Mongabay.co.id

Warga Jakarta Dicap ‘Wilayah Abu-abu’ Sulit Akses Air Bersih

Jejeran jeringen berisi air bersih yang dibeli warga Jakarta Utara. Sebagian warga Jakarta, belum terlayani air bersih hingga harus membeli dengan harga mahal. Foto: Andreas Harsono/ Mongabay Indonesia

 

 

 

 

“Kalau demo air ngalir, nanti kalau gak demo air mati lagi. Seperti itu sampai sekarang,” kata Siti Komariah, warga Kampung Kembang Lestari, Pejaringan, Muara Baru, Jakarta, dalam diskusi daring belum lama ini.

Sejak 2003, Siti punya masalah dengan air. Bukan hanya dia, juga penduduk lain di sekitarnya. Dia tak bisa mendapatkan akses air langsung atas nama pribadi ke rumah. Daerah mereka dicap ‘wilayah abu-abu.’ Wilayah abu’abu’ ini antara lain mengacu pada legalitas lahan tinggal.

Ibu Kokom, panggilan akrabnya, tidak terima. Dia punya kartu tanda penduduk (KTP) dan ikut pemilu Jakarta. Dia mempertanyakan status ‘wilayah abu-abu’ itu, mengapa bisa menentukan hak pilih.

Tahun 2015, jaringan pipa air masuk. Sejenak dia senang karena akan mendapatkan air bersih.

Eh, lama-lama bukan jaringan masuk tapi jaringan untuk master meter.”

Kokom tidak patah semangat, dia pergi ke Palija untuk mendapatkan akses air. Dia minta petunjuk, syarat dan ketentuan untuk mendapatkan akses air, antara lain, harus ada calon pelanggan 60 keluarga, ada tempat penampungan air, ada surat keterangan RT/RW, ada stuktur pengurus. PAM Jaya dan Palija sudah mengecek langsung ke lokasi.

Sayangnya, Palija hanya menanggung empat meter pipa, selebihnya harus ditaggung sendiri. Panjang pipa 180 meter. Kokom keberatan. Dia tak mampu membayar Rp50.000 per meter sepanjang itu.

Masalah lain juga didapat Kokom, dia harus punya sertifikat tanah, PBB/akta jual beli. Dia tidak punya, tanah dianggap ilegal.

“Sekarang, mau tak mau, dengan terpaksa karena saya butuh air, saya gabung ke master meter yang awal. Bayar pendaftaran Rp1, 5 juta.”

Mendaftar ke master meter adalah jalan terakhir Kokom untuk mendapatkan air, tagihan sangat mahal untuk ukuran dengan perekonomian menengah ke bawah.

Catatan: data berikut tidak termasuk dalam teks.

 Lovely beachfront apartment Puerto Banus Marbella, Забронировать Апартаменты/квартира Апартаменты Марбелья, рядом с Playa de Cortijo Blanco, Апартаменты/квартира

Tagihan air Kokom sekitar Rp350.000-Rp450.000 per bulan. Dia kena denda Rp7.000 per hari kalau telat bayar.

Harapan saya jangan ada dibeda-bedain, air kan hak kita semua,” katanya.

Titin, juga alami serupa. Dia juga tinggal di wilayah ‘abu-abu’ itu, namun tarif air lebih besar Rp15.000 per meter kubik.

Dia mempertanyakan tarif mahal ini. Setahu dia, warga kelas menengah ke bawah hanya ditarif Rp3.500 per meter kubik. Dia harus bayar berkali lipat melalui master meter.

“Katanya kalau orang miskin itu, kita yang tergolong warga yang tidak mampu atau kalangan menengah ke bawah itu sebetulnya mendapatkan air itu Rp3.500, kenyataan kami membayar air Rp15.000.”

Mereka berdua ingin dapat hak atas air bersih dan layak.

 

Baca juga: Menanti Kerja Tim Evaluasi Tata Kelola Air Jakarta

Perkampungan padat penduduk di Jakarta, yang kesulitan air bersih. Foto: Indra Nugraha/Mongabay Indonesia

 

Gugatan warga

Pada 16 Agustus lalu, warga Jakarta, melalui M. Irfan Al-Ghifari, kuasa hukum ajukan gugatan uji meteril terhadap Peraturan Gubernur Jakarta Nomor 16/2020 tentang Tata Cara Penyambungan dan Pemakaian Air Minum. Aturan ini dinilai diskriminatif. Warga ingin peraturan gubernur itu dicabut atau dibatalkan.

Peraturan itu, kata Irfan, diskriminatif karena mensyaratkan kepemilkan tanah bagi warga untuk mendapatan akses air langsung. Jadi, warga harus menggunakan jasa master meter dengan tarif berbeda jauh.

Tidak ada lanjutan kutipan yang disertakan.